RAID Is Not Backup: Rebuild Math

Your RAID Array Just Lost a Drive. Congratulations, You’re Not Done Yet.

The drive health alert fires at 11 PM. One of your RAID 5 drives is dead. You’ve got redundancy, so you’re fine, right? You order a replacement on next-day delivery and go to bed.

Here’s what’s happening while you sleep: your array is running degraded, one drive death away from total data loss. And while you’re waiting for that replacement, the surviving drives are under extra stress. If any of them has a sector that’s been slowly going bad, and on drives that are a few years old, there’s a real chance, you’re going to find out about it during the rebuild.

This is the part of RAID that the enthusiast forums gloss over. RAID protects against a complete drive failure. It does nothing about silent corruption, simultaneous failures, or the specific window of vulnerability during a rebuild. Let’s talk about the math.

Unrecoverable Read Errors: The Rebuild Killer

Every hard drive has a spec called the Unrecoverable Read Error rate (URE). For consumer drives the spec sheet has historically said 1 error per 10^14 bits read. Enterprise drives usually spec at 10^15. This sounds like a lot until you do the arithmetic.

2026 update. Read your actual datasheet.
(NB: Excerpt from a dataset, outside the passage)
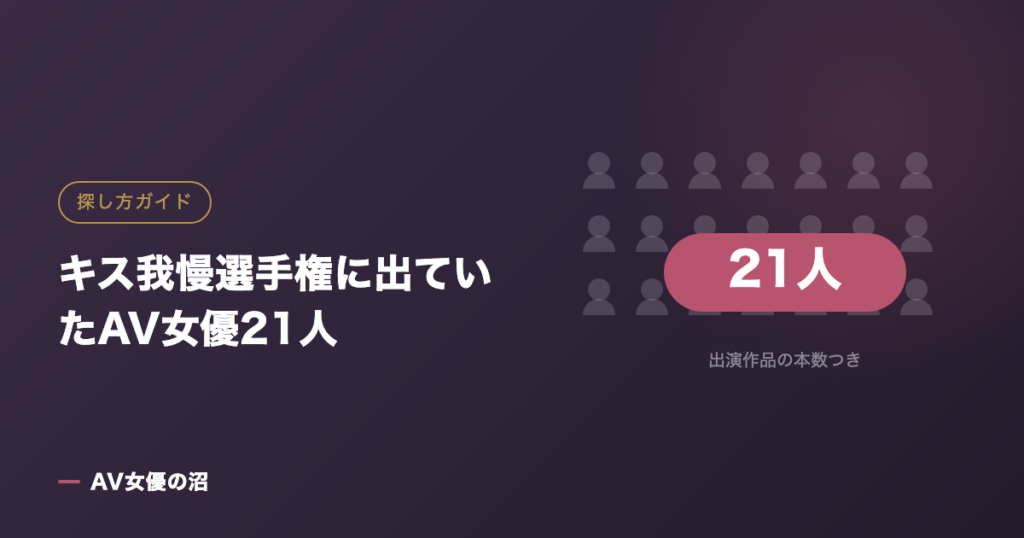 キス我慢選手権に出ていたAV女優21人（図版）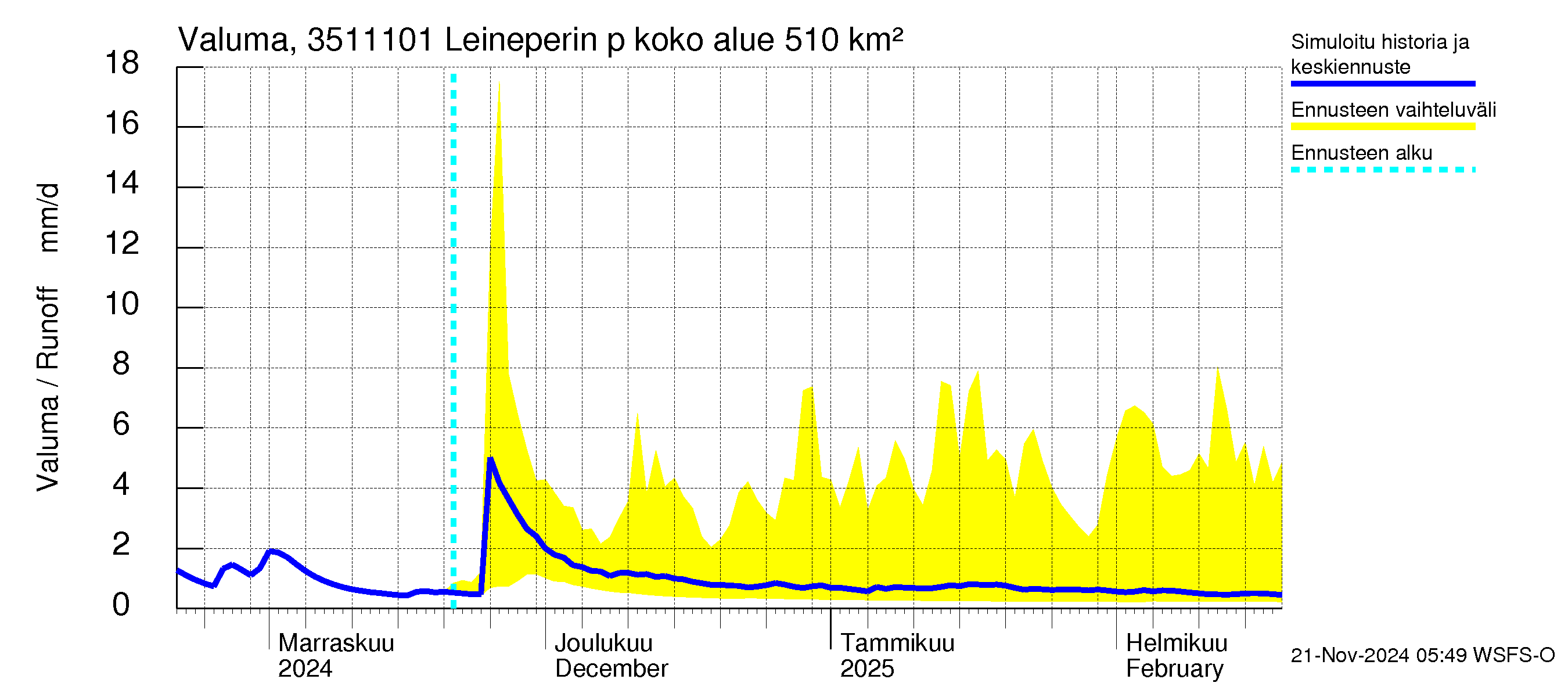 Kokemäenjoen vesistöalue - Leineperin patosilta: Valuma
A lot of the modern high-capacity helium drives, 18TB-22TB consumer SKUs, quietly spec at 10^13 instead of 10^14 (sometimes buried under “non-recoverable read errors per bit read” rather than the cleaner URE wording). Some manufacturers also dropped the number from the public spec entirely. The math below uses 10^14 as the historical baseline, but if your drives are 18TB+, assume the real-world failure curve is steeper.

A 4TB drive contains roughly 3.2 × 10^13 bits. Rebuilding a RAID 5 array after a failure requires reading every bit from every surviving drive. For a 3-drive RAID 5 with 4TB drives, that’s approximately 2 × 3.2 × 10^13 = 6.4 × 10^13 bits read to rebuild one 4TB drive’s worth of data.

Consumer URE rate: 1 error per 10^14 bits. Bits read during rebuild: ~6.4 × 10^13. Probability of hitting at least one URE: ~47%.

Nearly a coin flip. During that rebuild, you have roughly a 47% chance of hitting an unrecoverable read error on one of the surviving drives. When mdadm hits a URE during a RAID 5 rebuild, it can’t reconstruct the missing data, the parity calculation breaks down. Depending on your setup, this either corrupts that portion of data silently or aborts the rebuild entirely.

On larger drives the math gets worse. A 3-drive RAID 5 with 8TB drives reads ~1.28 × 10^14 bits during rebuild, statistically expected to hit more than one URE on consumer drives.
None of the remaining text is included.